"Oh ... ternyata soal itu," Nisa kembali bersikap santai lalu melanjutkan pekerjaannya. "Memang ... aku pun tak bisa menyangkalnya, begitu banyak yang aku sembunyikan darinya. Tapi aku janji, suatu saat aku akan memberitahukan segalanya."
"Suatu saat itu kapan? Semakin lama kau menyembunyikannya, semakin besar pula rasa kecewa yang suamimu dapat. Apa kau mau mengulangi kesalahan ayahmu hah?!"
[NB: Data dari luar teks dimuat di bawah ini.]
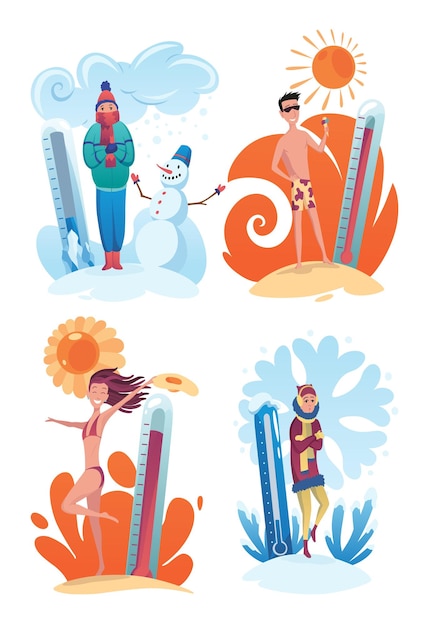 Hot cold weather Meteorology thermometers illustration Cartoon characters in summer and winter season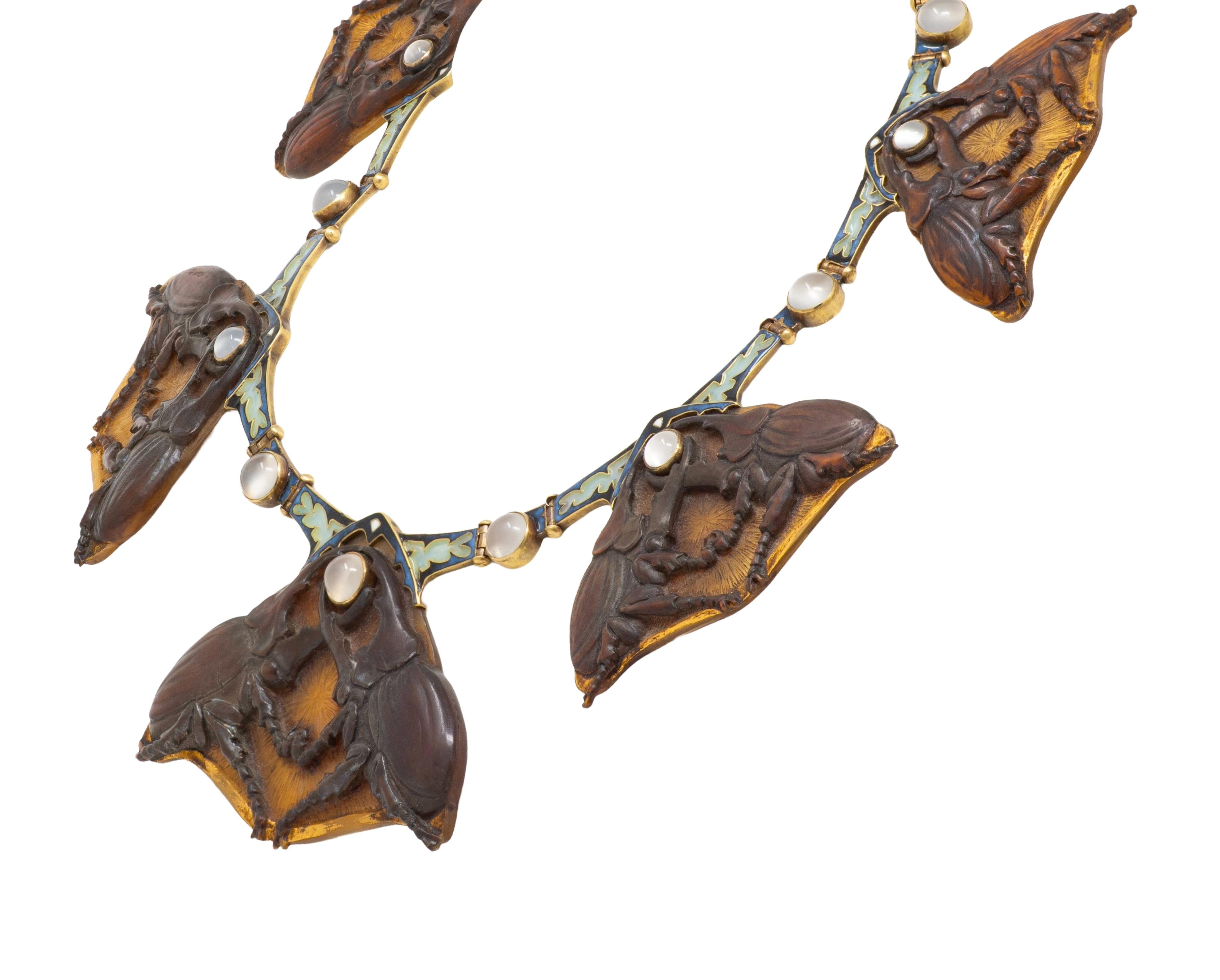 Lalique Moonstone Horn Enamel 18 Karat Yellow Gold Antique Stag Beetle Necklace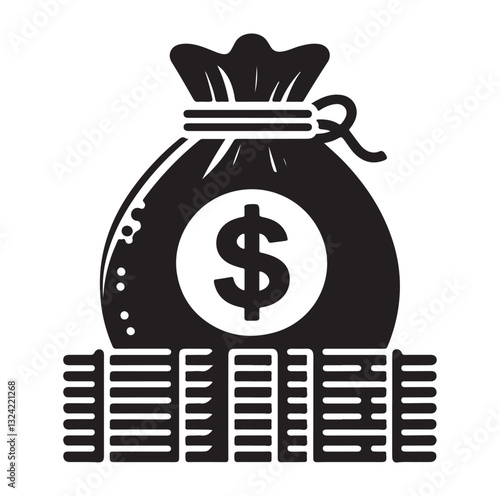 Money bag or stash of money flat icon silhouette vector icon on white background.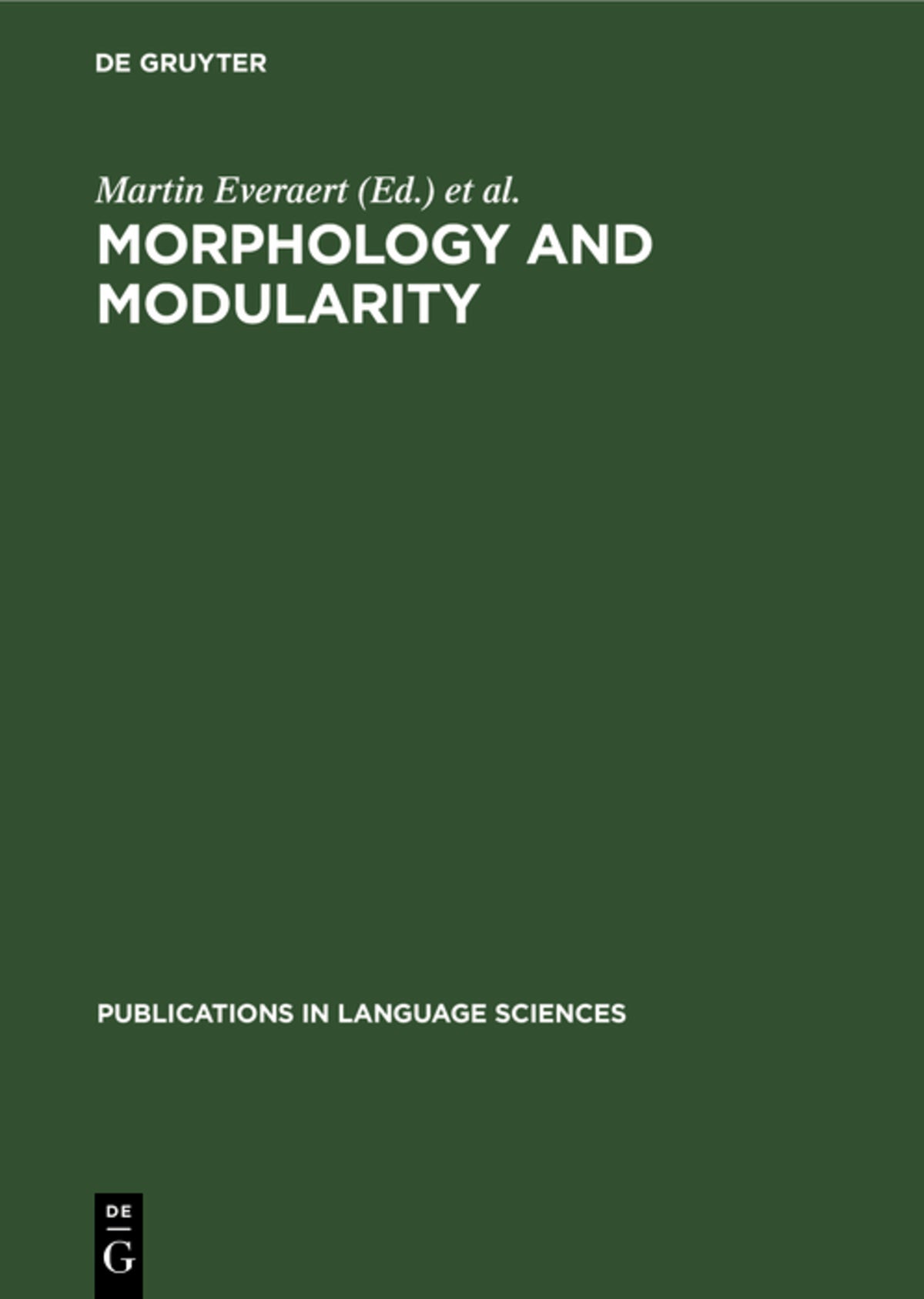 Cover image for Morphology and Modularity ISBN 9783110130942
"Ibu bercanda, mana mungkin aku sanggup menunggu selama itu. Toh suamiku orang yang kuat, dia tak akan mengancam untuk mengakhiri hidupnya dengan mengarahkan gunting ke lehernya."
"Kauu!!"
"Kenapa? Merasa tersindir? Kasusku berbeda dengan ayah, ibu harus ingat ini. Ibu baru mengetahui identitas ayah sebagai ketua gangster ketika usia pernikahan kalian sudah 8 tahun. Ibu marah dan tak terima, sampai sekarang aku masih bertanya-tanya kenapa ibu harus sampai mengancam agar ayah berhenti saat ada aku, Reihan, Dimas yang masih anak-anak. Ingatan itu masih jelas sampai sekarang."
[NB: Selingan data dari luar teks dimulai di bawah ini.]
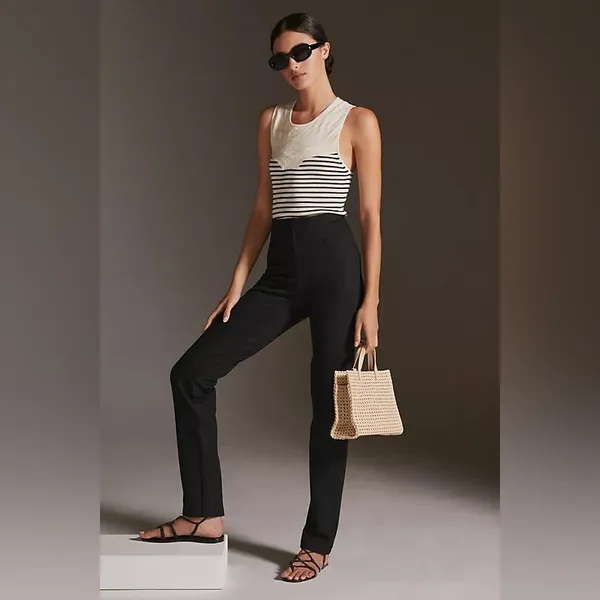Anthropologie Maeve Split Hem Ponte Knit Pull On Pants‎ Black Size XS - Image 3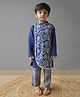 MASTARANG 100% Cotton Woven Full Sleeves Paisley Printed & Lace Embellished Kurta Pant Set - Navy Blue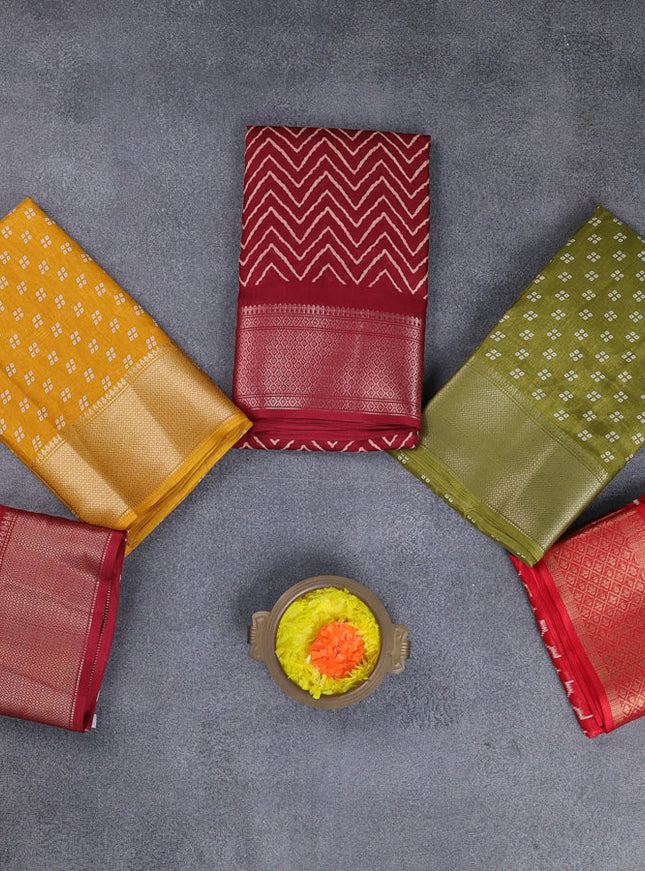 Semi dola pack of 5 multi colour and multi design with allover prints and zari woven border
"Nisa, waktu itu i-ibu ..."
"Apa? Toh semuanya berjalan seperti keinginan ibu, ayah hanya punya satu pilihan, yaitu berhenti. Lalu ayah mengumumkannya di depan seluruh anggota, dan tentu saja ada keributan besar karena ketua mereka tiba-tiba memutuskan untuk berhenti. Bahkan para paman ... maksudku para petinggi dari generasi sebelumnya, sebagian besar dari mereka menentang keputusan ayah. Hanya sepertiga yang bersedia mengikuti keputusan ayah."
"Tapi meskipun saat itu aku hanya anak kecil, posisiku juga sulit. Karena aku anak pertama ayah, aku yang sudah mengenal para paman dengan baik, dan aku yang sudah mengenal sisi dunia yang seperti itu, otomatis karakterku juga berubah. Dan sampai sekarang tak berubah. Orang yang sudah ikut campur seperti itu, sampai kapan pun juga tak bisa sepenuhnya lepas. Aku sendiri buktinya, ayah juga tak terkecuali."
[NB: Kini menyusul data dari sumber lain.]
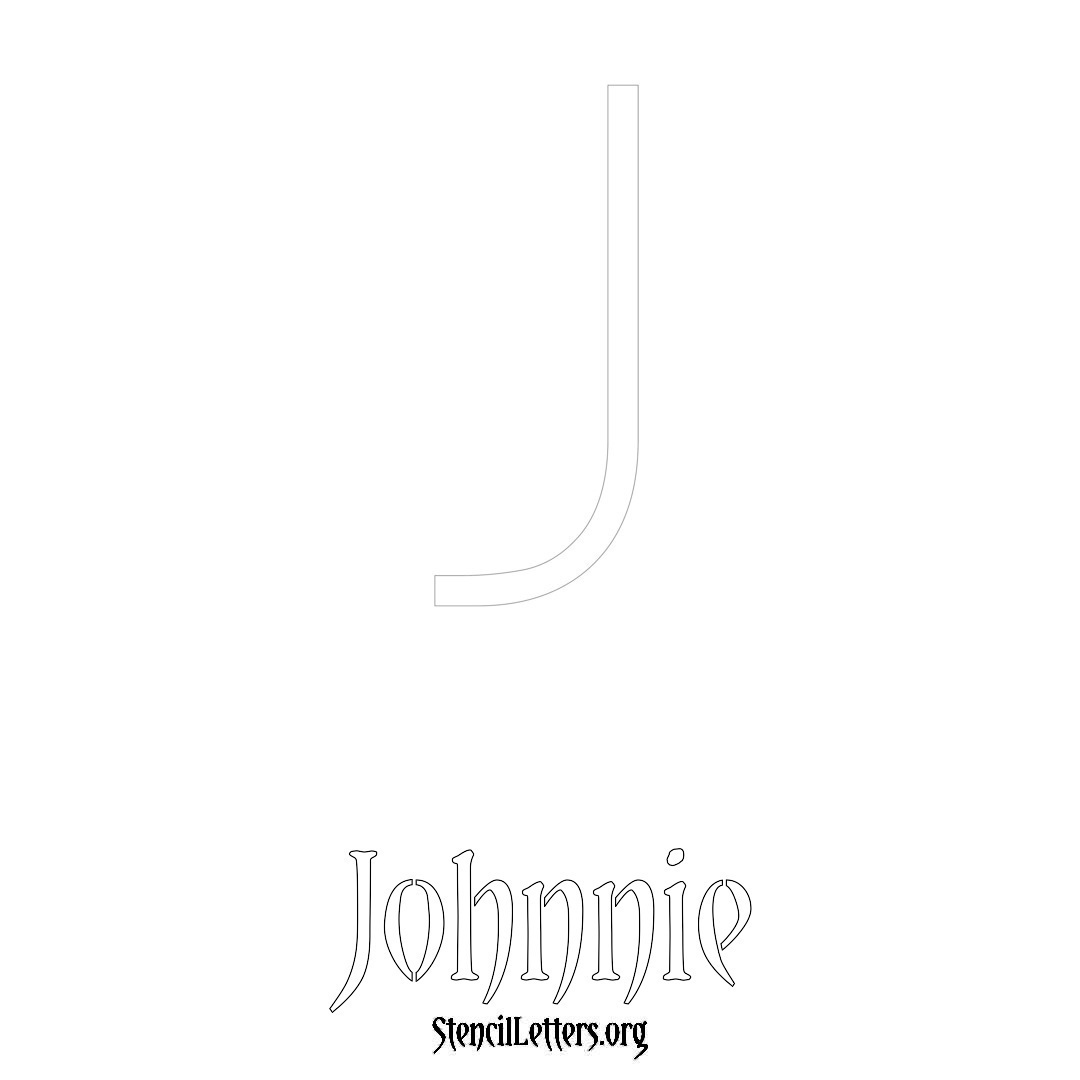 Johnnie printable name initial stencil in Simple Elegant Lettering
"Tapi saat itu kau bisa meninggalkan segalanya demi mantan pacarmu. Harusnya kau juga bisa demi suamimu! Nisa, ibu mohon hentikan sekarang, sebelum semuanya terlambat."
"Ricky itu spesial," Nisa lalu tersenyum. "Ricky itu orang yang paling baik yang aku kenal, tentu saja untuk jadi pacarnya aku juga harus jadi orang baik. Lagi pula ... dia sudah mengetahui identitasku sebelum menjadi pacarku, bahkan dia memaafkanku yang pernah ingin mencelakainya."
"Maksudmu suamimu tak lebih baik darinya?"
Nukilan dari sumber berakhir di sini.